Data:
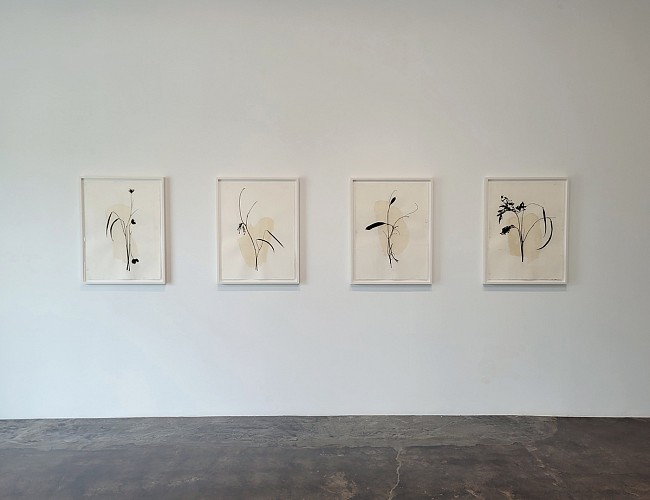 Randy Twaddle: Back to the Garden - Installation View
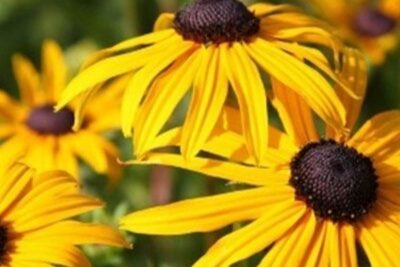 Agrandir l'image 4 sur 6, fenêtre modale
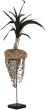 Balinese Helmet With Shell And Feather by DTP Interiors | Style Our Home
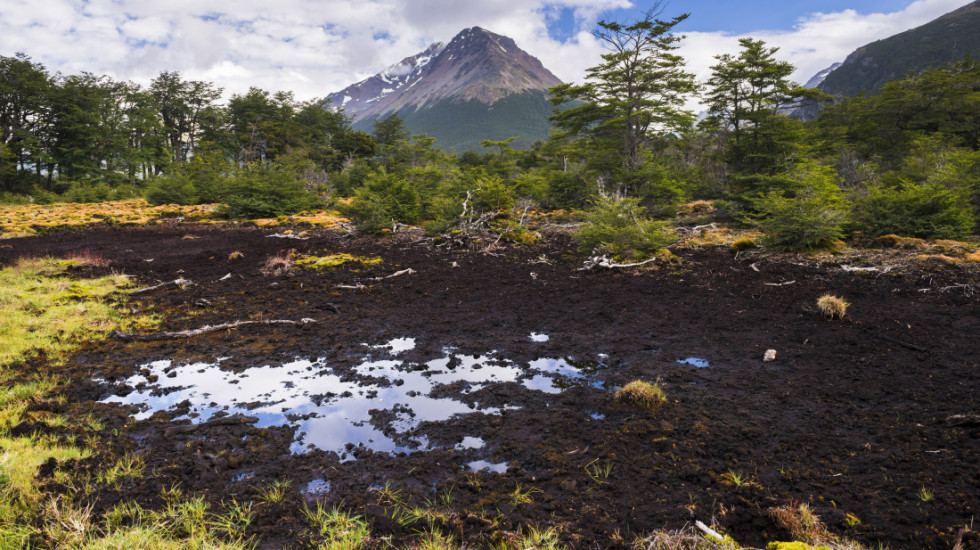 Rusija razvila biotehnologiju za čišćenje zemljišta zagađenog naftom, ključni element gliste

What you need to do: Could you set down, exactly as written, every line from the one with "Balinese Helmet With" to the end of the data, both ends included? Leave out the pictures.

Expected output:
 Balinese Helmet With Shell And Feather by DTP Interiors | Style Our Home
 Rusija razvila biotehnologiju za čišćenje zemljišta zagađenog naftom, ključni element gliste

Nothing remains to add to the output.